Impress wine aficionados with your sommelier skills by consulting with Mark Slater, in charge of the wine program at the Ray’s empire (he was formerly the longtime sommelier at Citronelle), who will help you put together custom cases. His focus at Ray’s the Steaks is on value-concscious bottles, and because he works directly with wine purveyors, he can get wines that aren’t available in stores at lower prices. E-mail firstname.lastname@example.org to contact Slater.
They might sound like an odd stocking stuffer, but Kuhn Ricon’s red and green sheathed carbon-steel paring knives ($9.95 each) will come in handy throughout the year. The ultra-sharp blades, available at Sur la Table (locations in Friendship Heights, Tysons Corner, and Pentagon City), are used by nearly all the cooks whipping up 29-course dinners at José Andrés’s Penn Quarter micro-restaurant Minibar.
You’ve just raided the cheese counter at Cowgirl Creamery or Cheesetique—are you really going to serve that clothbound cheddar and cave-aged Gruyère on a plain old white plate? One beautiful alternative is the organically formed (and, at $170, very expensive) oak cheese board and knife from Georg Jensen. If you don’t feel like shelling out that much, Crate and Barrel (seven area locations) offers a gently priced but still cool-looking olivewood cheese board for $15.95.
Give far-flung relatives a taste of the Chesapeake with a batch of Chris Hoge’s jumbo-lump crabcakes ($144 per dozen). The five-ounce, low-on-filler patties, typically sold at the Dupont Circle FreshFarm market, are also available gluten-free. The perfect companion: organic cotton napkins printed with intricately drawn crabs ($26 each at Ortolan Organic)
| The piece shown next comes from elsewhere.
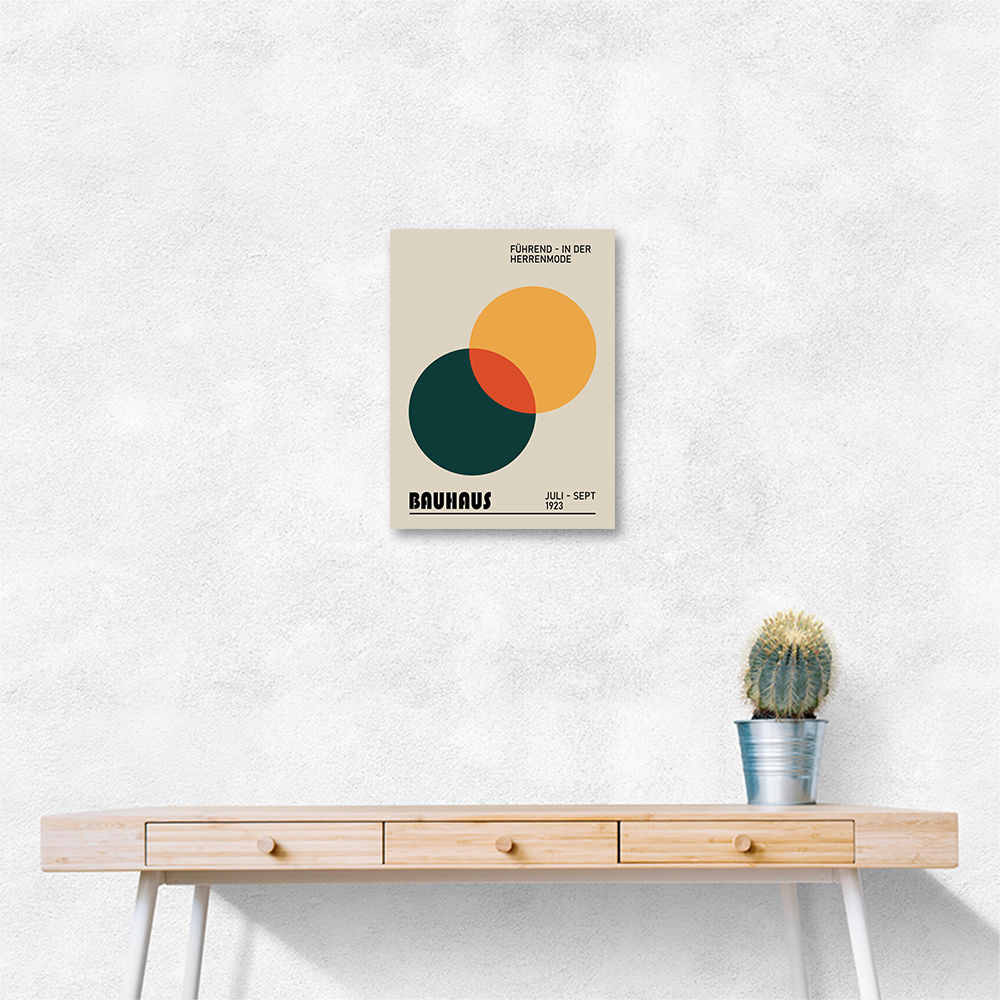 Bauhaus Wall Art A31 Bauhaus Wall Art A31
DC, Maryland, and Virginia Cookie Cutters
For bakers with hometown pride, pick up cookie cutters in the shape of DC, Maryland, or Virginia ($1.75 each) at Hill’s Kitchen (713 D St., SE; 202-543-1997). Politicos will like the cutter that resembles the Capitol dome ($3.25). Complete the gift with high-quality vanilla from Nielsen-Massey ($19 for eight ounces) and a brightly colored oven mitt ($7.95).
Ad Hoc at Home by Thomas Keller
Superstar chef Thomas Keller released his fourth cookbook ($35) this fall, with recipes from the casual cafe, Ad Hoc, next to his famed French Laundry in Napa Valley. Rachael Harriman, chef of Sou’Wester near DC’s Southwest waterfront, is a big fan: “Even if you don’t cook out of it, it’s an overall beautiful book, even for a coffee-table.” And if you’re jonesing for picnic fare but don’t have the stamina for Keller’s recipes, pick up his fried chicken kit ($14.95) plus potato salad ($14) and cole slaw ($12.50) dressings at Williams-Sonoma.
The Washington area has a lot of great eateries, but a terrific Jewish deli is not among them. One of the best out there is Katz’s Delicatessen on New York’s Lower East Side, which comes to the rescue with mail-orders of their meltingly delicious pastrami, brisket, and corned beef ($23.75 per pound each). For even more authenticity, throw in a loaf of their seedless rye ($10.95 for a full loaf, $5.50 for a half) and a bucket of sour and half-sour pickles ($13.95 per five pound bucket).